In general terms, I guess I don’t disagree with Steve. I do believe that there will be print newspapers to read a decade or two from now, just as there are vinyl records still being manufactured for those who prefer them to their digital counterparts. The thing is, though, that I do not believe that the Times Union will be one of those surviving print newspapers.
As its price has doubled over the past couple of years, the print Times Union‘s content has shrunk dramatically, both in terms of quantity and (sorry to say) the depth and quality of the local reportage and commentary. There are still some wonderful writers, reporters, photographers and editors working there at the corner of Albany-Shaker and Maxwell, but as their ranks are stretched thinner and thinner, and their content is tailored for both print and online markets, and as readers are ever more encouraged to submit their thoughts, stories and images directly to fill column space, it seems that any unique, distinct Times Union print voice has all but disappeared. These are not trends that support long-term business viability, and I don’t see these trends reversing themselves with the recovering economy. Once the price of a newspaper goes up, even when advertising and other revenues return, we’re never likely to see it go back down again.
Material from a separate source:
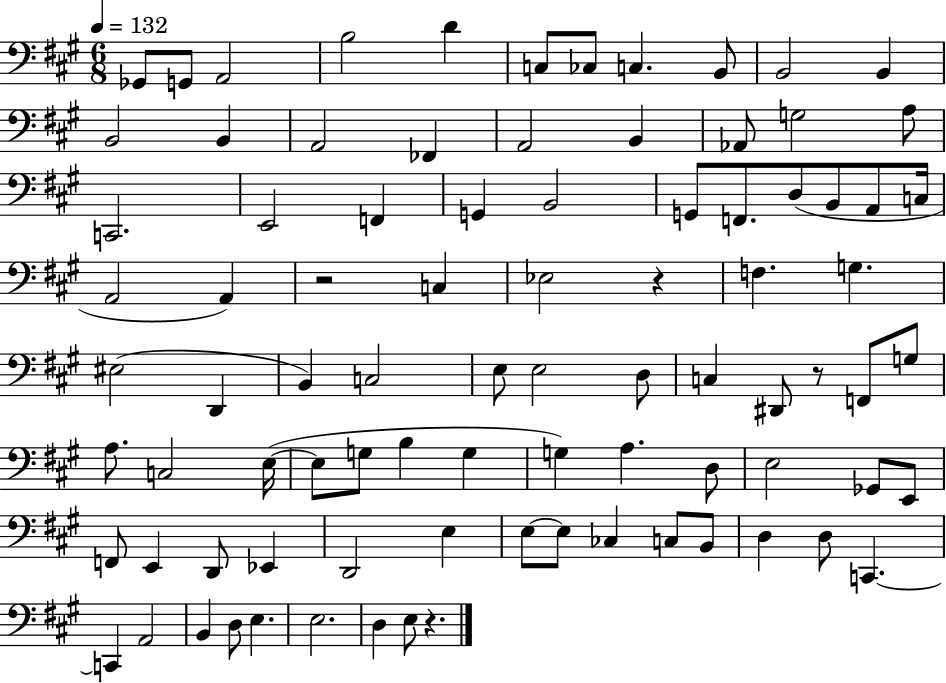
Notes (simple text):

Gb2/e G2/e A2/h B3/h D4/q C3/e CES3/e C3/q. B2/e B2/h B2/q B2/h B2/q A2/h FES2/q A2/h B2/q Ab2/e G3/h A3/e C2/h. E2/h F2/q G2/q B2/h G2/e F2/e. D3/e B2/e A2/e C3/s A2/h A2/q R/h C3/q Eb3/h R/q F3/q. G3/q. EIS3/h D2/q B2/q C3/h E3/e E3/h D3/e C3/q D#2/e R/e F2/e G3/e A3/e. C3/h E3/s E3/e G3/e B3/q G3/q G3/q A3/q. D3/e E3/h Gb2/e E2/e F2/e E2/q D2/e Eb2/q D2/h E3/q E3/e E3/e CES3/q C3/e B2/e D3/q D3/e C2/q. C2/q A2/h B2/q D3/e E3/q. E3/h. D3/q E3/e R/q.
And once a newspaper has gotten readers used to paying for 36 pages a day, they’re not likely to ever start printing 52 again.
I did a quick analysis of yesterday’s edition, looking at each page and mapping its contents in one-eighth page blocks. These are rough figures, and they may be off by 5/64ths or three column inches or whatever, but in broad strokes, here’s how I’d parse the 36 pages of the Monday, April 26th edition of the Times Union (not counting the advertising inserts, which I toss unread as nuisances):
36% Paid Advertising (~13 pages)
23% National Origination Editorial/News/Comics/Features/Sports (~8 pages)
21% Local Origination Editorial/News/Comics/Features/Sports (~8 pages)
14% Listings/Classifieds/Obituaries/Notices (~5 pages)
6% Pointers to and Support for timesunion.com (~2 pages)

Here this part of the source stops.